BELLA999CD
Release Date: 29 May 2020
A near death experience being sucked into an active sandstorm during a US road trip is enough to make you think about life. Being immersed in a swirling vortex of sand, dust, tumbleweed and detritus whilst trying to keep control of a speeding car might have only been a brief flash moment in Steven Dove’s life but it was enough for the Psychic Markers man to question life. “These things impact you,” he says. “I got thinking about human nature, our proneness to mistakes, imperfection and the implications of reactionary decision making.”
“Cohesive yet diverse,” is what the band have said of their music and it fits their personalities too, with members coming from as far afield as Australia and Yorkshire. Dufficy and Dove wrote and produced the record together, the sultry yet subtle bass comes from Luke Jarvis, who also did the band’s artwork, whilst the glowing backing vocals of Alannah Ashworth feature alongside the shared percussion duties of Lewis Baker and Jim Wallis.

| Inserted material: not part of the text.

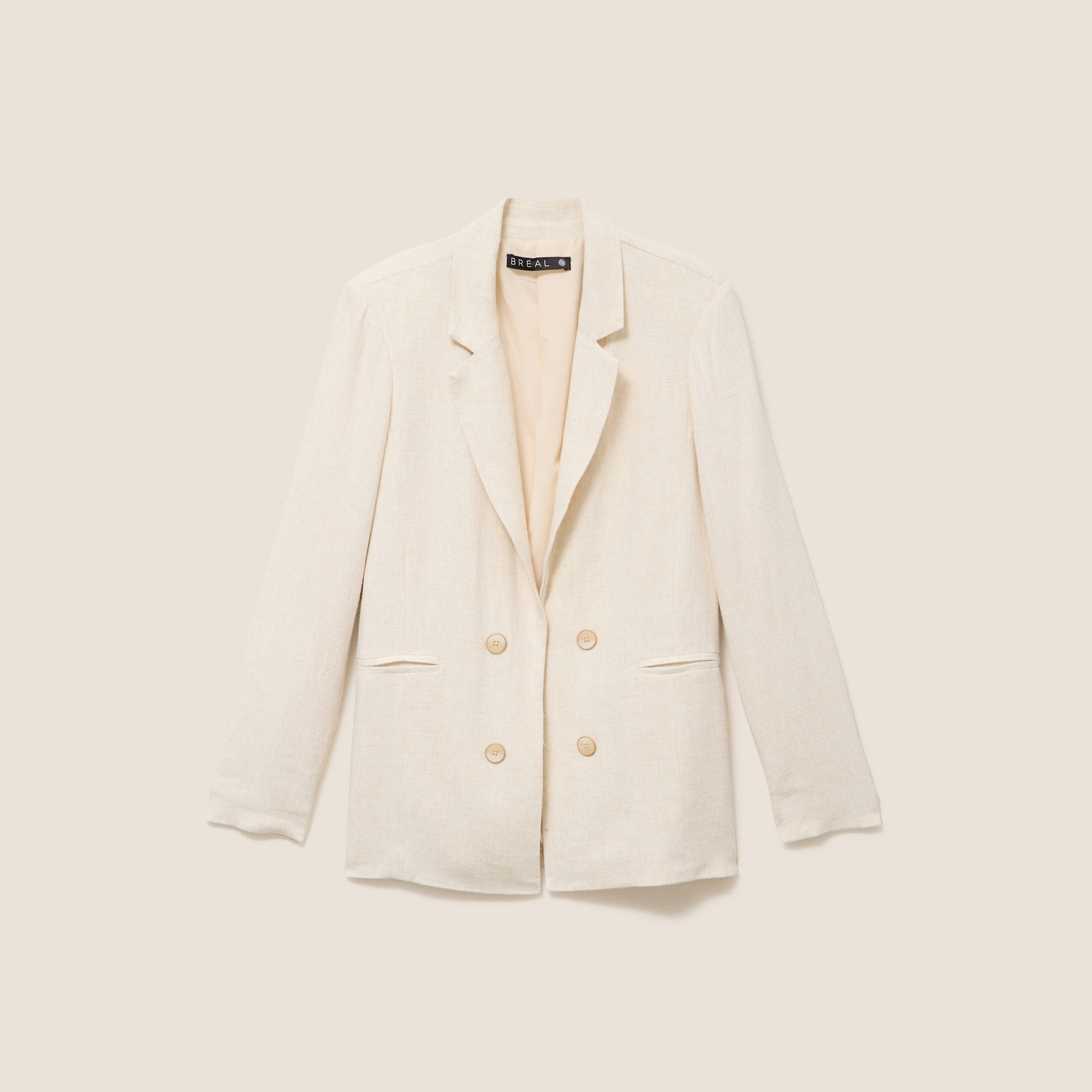 Blazer droit long manches 3/4 doubl&eacute; beige femme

Playing with structure and form, and the overlapping role between lyrics and music, is rooted in the album. “I was tired of writing within the constraints of a verse/chorus structure and wanted to be expressive in alternative ways,” says Dove. “It’s like walking the same route to get from a to b – eventually it becomes mundane and for this record I wanted to try walking a different way.”
Dufficy also found himself going down a rabbit hole of old gear for the album, exploring four tracks, micro cassettes and drum machines. “I wanted to see how it would impact our writing and recording process,” he says. “By taking away the endless options you have in the digital world.” The result is one that adds to the already deeply textural world of the band – an approach that has previously reared its head via doo-wop-esque harmony vocals, thoughtfully layered immersive guitars or enveloping atmospheres – as well as adding a further sense of diving into the unknown.
The dodgy motors of the four-track led to drums and keys being all over the place on the track ‘Enveloping Cycles’, creating its own woozy, distinct rhythm of gently fizzing beats. That is before the machine gave up completely. “The four-track died right at the end of making the album, so its quirks will only ever exist on this album,” Dufficy says. “I like that, it’s kind of romantic to me.”